We all understand that Big B was in his hay days, at best, the Kesto Mukerjee of Angry Young Men. He was the best in that limited range. When he did upscale comedy like Chupke Chupke he was awkward and a liability, thank God for Dharam Paaji who saved that movie. Big B was good either delivering Salim-Javed’s dialogues or behaving like some Doodhwallah Bhaiya from Allahabad. Big B’s great comedy act was playing the Doodhwala Bhaiya, that was his goto act. Hence in Big B’s hays days, Big B’s jacket changed from regular to leather to signal that now he was really angry. Or the back ground music increased by a few thousand decibels. Given lemons, the directors then resorted to making lemonade. Pick any old Big B movies (the movies which the Bachchanistas swear by) and you will find that even an Emraan Hashmi could have done better. A brooding Emraan Hashmi in “Awaarapan” is far better than Big B is most of his old movies (top three performances of 2007: i) SRK in CDI; ii) Emraan Hashmi in Aawaarapan; and iii) Akshaye in Gandhi).
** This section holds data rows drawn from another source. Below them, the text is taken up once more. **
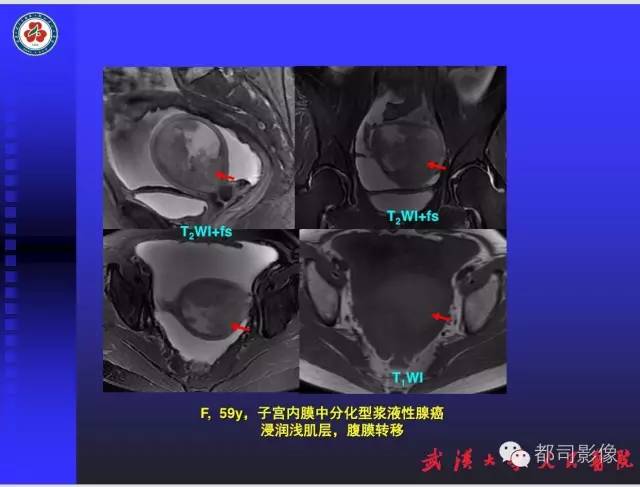 【PPT】妇科肿瘤临床MRI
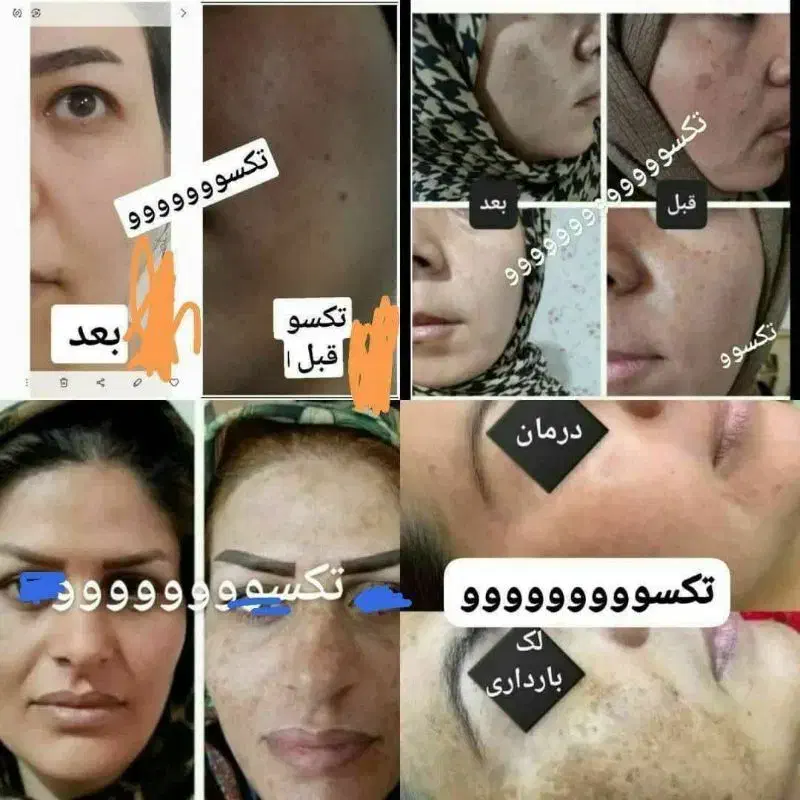 ازبین بردن لک صورت|آرایشی، بهداشتی، درمانی|اردل, |دیوار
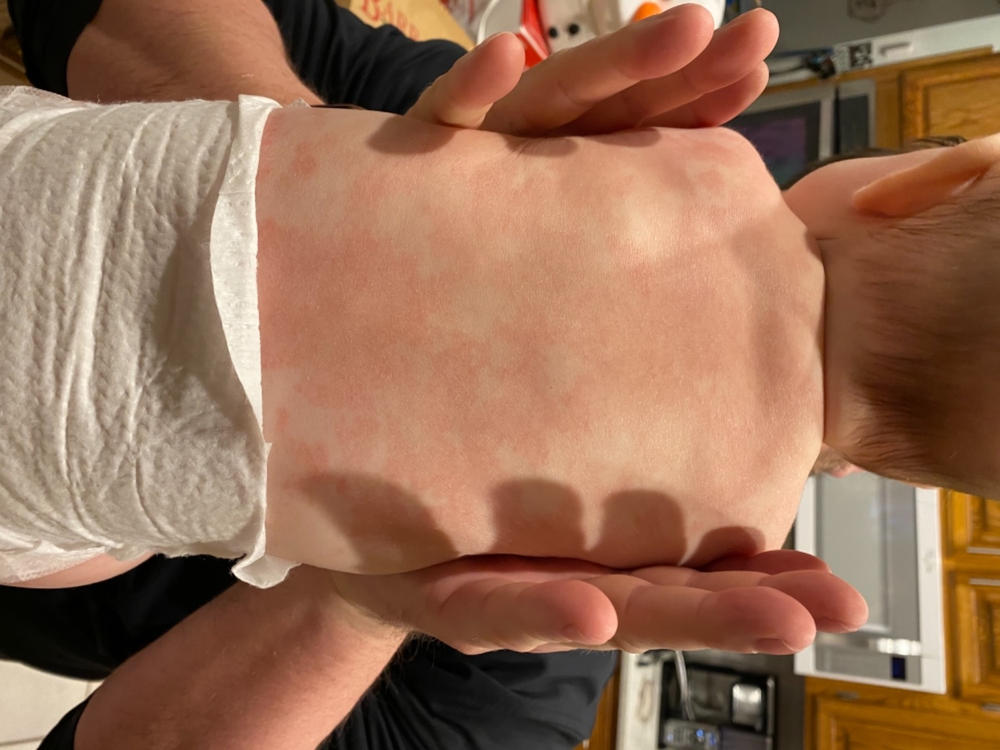 EWG Verified and NEA Accepted Baby Eczema Lotion Pipette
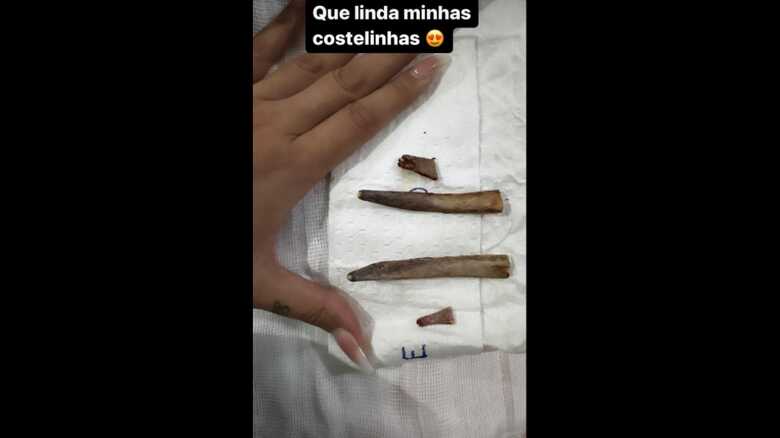 Modelo exibiu os ossos retirados em publicação no Instagram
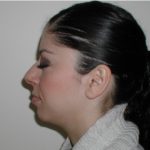 Rhinoplasty Before & After Patient #2136
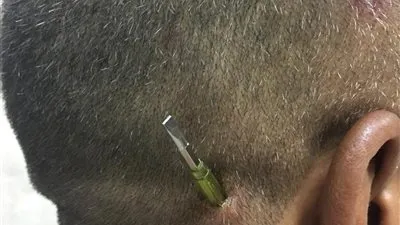 مستشفى سوهاج الجامعي تنجح في استخراج مفك طوله ١٠ سم من رأس مواطن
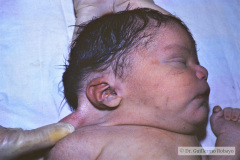 potter-arteria-umbilical-unica-ano-imperforado-fistula-recto-perineal-007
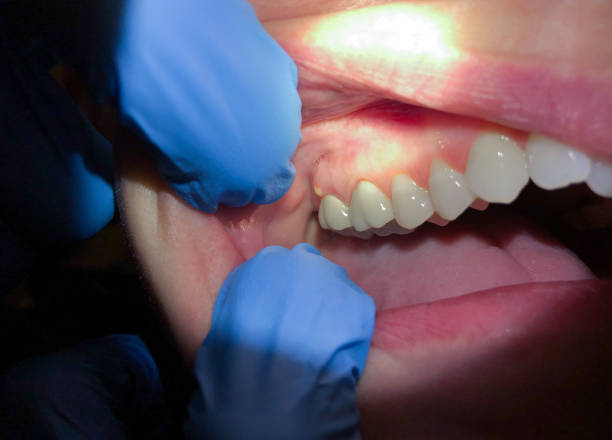 Best Emergency Root Canal Therapy in Woodmoor, CO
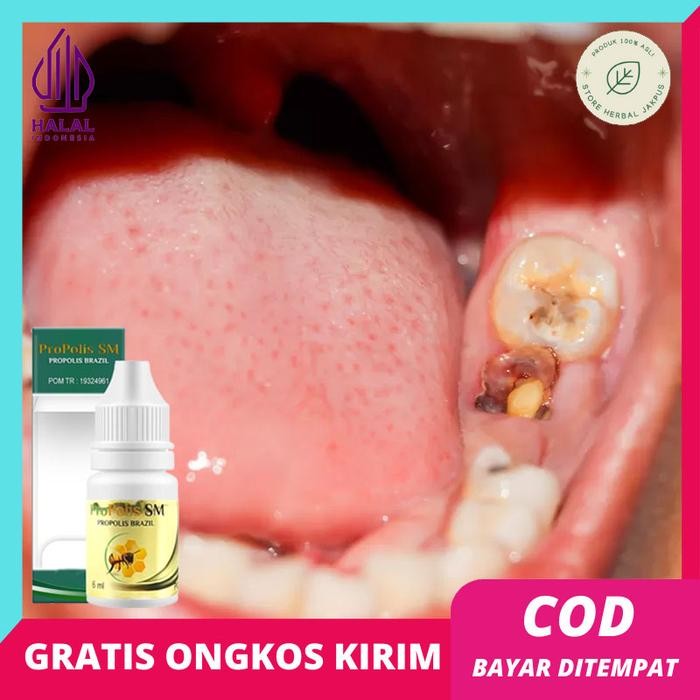 Pilihan- Obat Pencabut Gigi Berlubang Perontok Gigi Sampai Akar Penghancur Gigi Berlubang Cepat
Having played a mediocre first innings, Big B (and especially the Bachchanistas) wants to rewrite history in his second innings. In keeping with the saying, “when you cannot convince them with substance try to baffle them with bull shit”, Big B is trying very hard to hide his lack of talent behind some weird getups. He is hoping that if his getups is the worst things about his role, i.e. if his getups become the lighting rod and attracts all the negative attention, no one will notice his poor acting. He is hoping that relatively his acting will supeficially appear good. Hence be ready guys, Big B is out to prove that he is a great actor via one god awful costume after another. In one movie he will have mismatched neon eye lenses, in another he will be in a Cowboy/Street-Urchin clothes, in another with a pony tail and yet another he will be bald. A desperate pursuit to cover-up his average talent.